Сергеев замялся и нехотя ответил:

— Наблюдали. Нет, не встречаются.

Вероника поблагодарила Сергеева, но слова его почему-то совсем её не успокоили. Наоборот, растревожили. Он запросто мог говорить то, что велел отец. Правды от него не допросишься, особенно неудобной правды. А вот то, как Сергеев мялся, выказывало, что он определённо что-то скрывает.

Она в который раз набрала Шаламова — тот не отвечал.

«А если он перебрался к ней?», — прокрался в душу липкий страх. Что тогда делать?

Взгляд её непроизвольно упал на полку под журнальным столиком. Там, среди журналов лежал увесистый талмуд, «Жёлтые страницы» — телефонный справочник всех юридических организаций города.

Справочник был составлен довольно грамотно: сами названия бесчисленных ООО, ОАО, ИП и так далее шли в алфавитном порядке, но в конце имелось тематическое оглавление. По нему она быстро сориентировалась и нашла то, что нужно: категорию «частные детективные агентства». Таковых обнаружилось всего четыре.
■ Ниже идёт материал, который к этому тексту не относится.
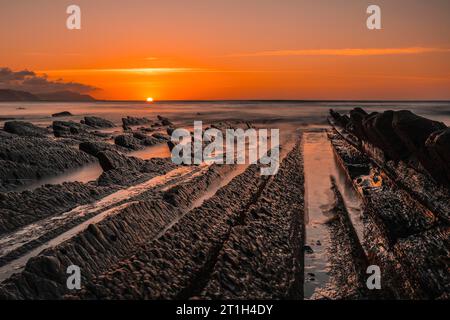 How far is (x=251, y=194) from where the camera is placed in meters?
10.5

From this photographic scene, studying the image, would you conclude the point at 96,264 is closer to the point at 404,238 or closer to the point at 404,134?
the point at 404,238

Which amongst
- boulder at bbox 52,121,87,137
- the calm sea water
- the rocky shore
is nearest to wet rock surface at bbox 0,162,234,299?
the rocky shore

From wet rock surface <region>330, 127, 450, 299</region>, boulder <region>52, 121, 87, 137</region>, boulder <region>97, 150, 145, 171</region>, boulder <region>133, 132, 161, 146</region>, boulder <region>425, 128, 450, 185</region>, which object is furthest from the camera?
boulder <region>52, 121, 87, 137</region>

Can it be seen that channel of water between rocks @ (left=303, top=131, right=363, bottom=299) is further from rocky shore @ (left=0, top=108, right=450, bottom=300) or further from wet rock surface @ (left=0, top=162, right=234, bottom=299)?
wet rock surface @ (left=0, top=162, right=234, bottom=299)

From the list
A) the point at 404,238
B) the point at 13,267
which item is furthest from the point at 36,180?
the point at 404,238


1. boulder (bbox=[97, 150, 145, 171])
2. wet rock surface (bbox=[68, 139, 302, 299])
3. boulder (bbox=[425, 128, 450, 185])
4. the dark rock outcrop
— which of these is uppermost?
the dark rock outcrop

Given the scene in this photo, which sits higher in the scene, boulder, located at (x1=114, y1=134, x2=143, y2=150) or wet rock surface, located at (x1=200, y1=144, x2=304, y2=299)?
boulder, located at (x1=114, y1=134, x2=143, y2=150)

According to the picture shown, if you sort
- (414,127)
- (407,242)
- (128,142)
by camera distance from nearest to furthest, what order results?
(407,242), (414,127), (128,142)

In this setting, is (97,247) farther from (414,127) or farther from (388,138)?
(388,138)

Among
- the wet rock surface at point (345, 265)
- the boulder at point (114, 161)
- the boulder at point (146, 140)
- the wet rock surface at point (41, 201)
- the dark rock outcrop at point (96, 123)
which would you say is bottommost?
the wet rock surface at point (345, 265)

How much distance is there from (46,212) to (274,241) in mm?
5091

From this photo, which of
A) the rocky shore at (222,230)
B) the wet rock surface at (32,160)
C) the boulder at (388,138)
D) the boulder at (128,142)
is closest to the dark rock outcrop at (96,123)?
the boulder at (128,142)

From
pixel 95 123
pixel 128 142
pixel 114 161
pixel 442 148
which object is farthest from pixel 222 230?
pixel 95 123

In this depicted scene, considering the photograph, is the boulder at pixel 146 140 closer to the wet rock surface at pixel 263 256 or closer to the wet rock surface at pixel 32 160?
the wet rock surface at pixel 32 160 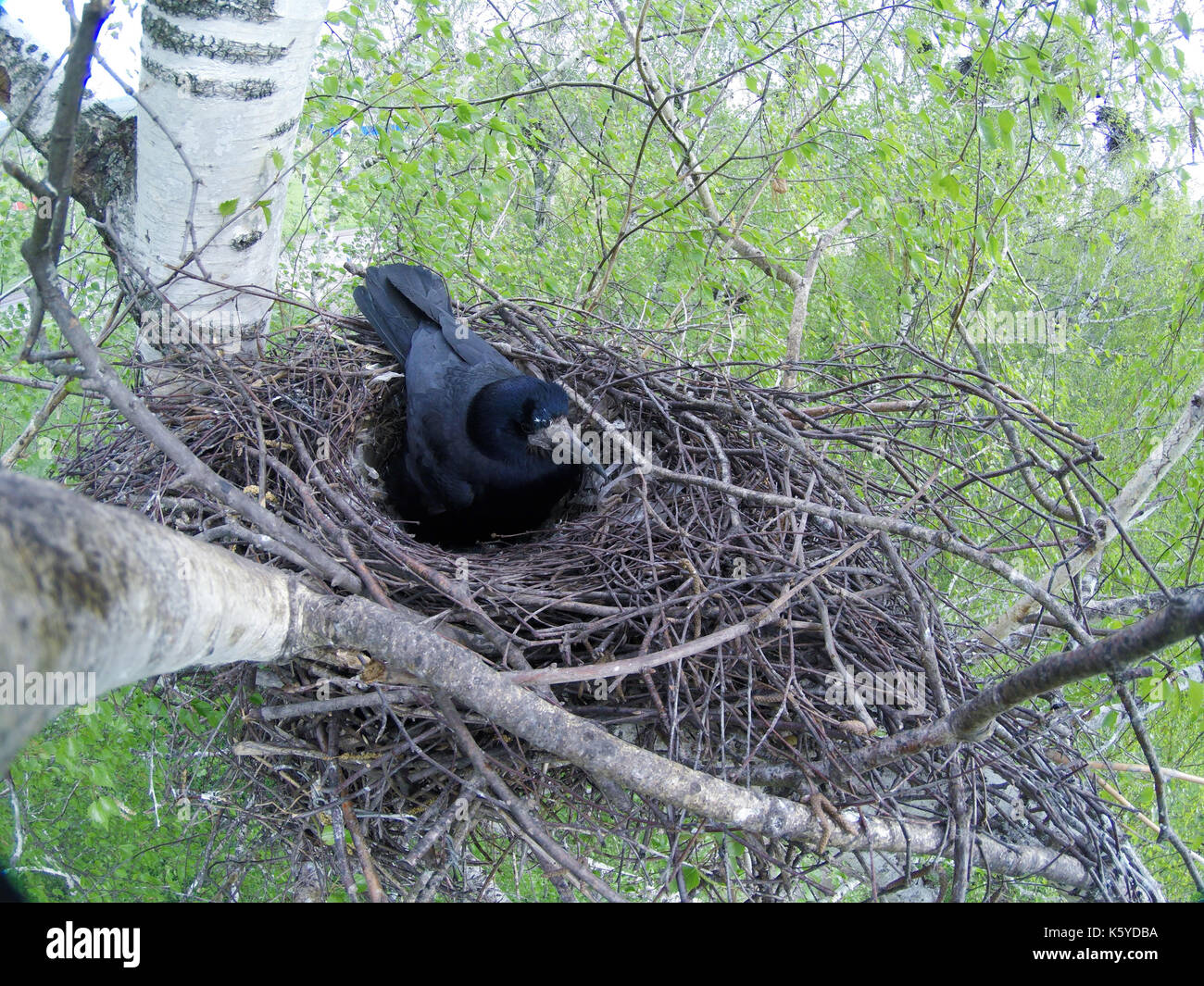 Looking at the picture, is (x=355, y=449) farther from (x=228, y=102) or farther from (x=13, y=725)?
(x=13, y=725)

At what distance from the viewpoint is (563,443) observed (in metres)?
4.18

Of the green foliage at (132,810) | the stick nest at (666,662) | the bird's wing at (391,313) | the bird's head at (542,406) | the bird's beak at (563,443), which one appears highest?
the bird's wing at (391,313)

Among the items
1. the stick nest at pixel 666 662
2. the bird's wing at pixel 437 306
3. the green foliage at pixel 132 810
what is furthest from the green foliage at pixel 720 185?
the bird's wing at pixel 437 306

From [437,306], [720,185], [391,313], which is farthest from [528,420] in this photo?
[720,185]

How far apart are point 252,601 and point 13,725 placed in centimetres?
84

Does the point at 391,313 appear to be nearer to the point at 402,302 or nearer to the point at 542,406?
the point at 402,302

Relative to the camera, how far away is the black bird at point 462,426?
4.15 meters

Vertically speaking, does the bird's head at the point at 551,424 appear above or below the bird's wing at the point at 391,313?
below

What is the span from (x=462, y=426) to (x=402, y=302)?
2.85 feet

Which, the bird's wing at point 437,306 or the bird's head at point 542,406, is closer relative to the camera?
the bird's head at point 542,406

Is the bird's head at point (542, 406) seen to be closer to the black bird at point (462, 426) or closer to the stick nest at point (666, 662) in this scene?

Одно она сразу отмела — показалось претенциозным и глупым, что детектив называл себя современным Шерлоком Холмсом. Детский сад. Остальные три вообще себя никак не именовали, но чётко и лаконично обозначили, что могут сделать. Вероника выписала в ежедневник их телефоны и адреса.

«Просто на всякий случай», — сказала себе.

Загрузка...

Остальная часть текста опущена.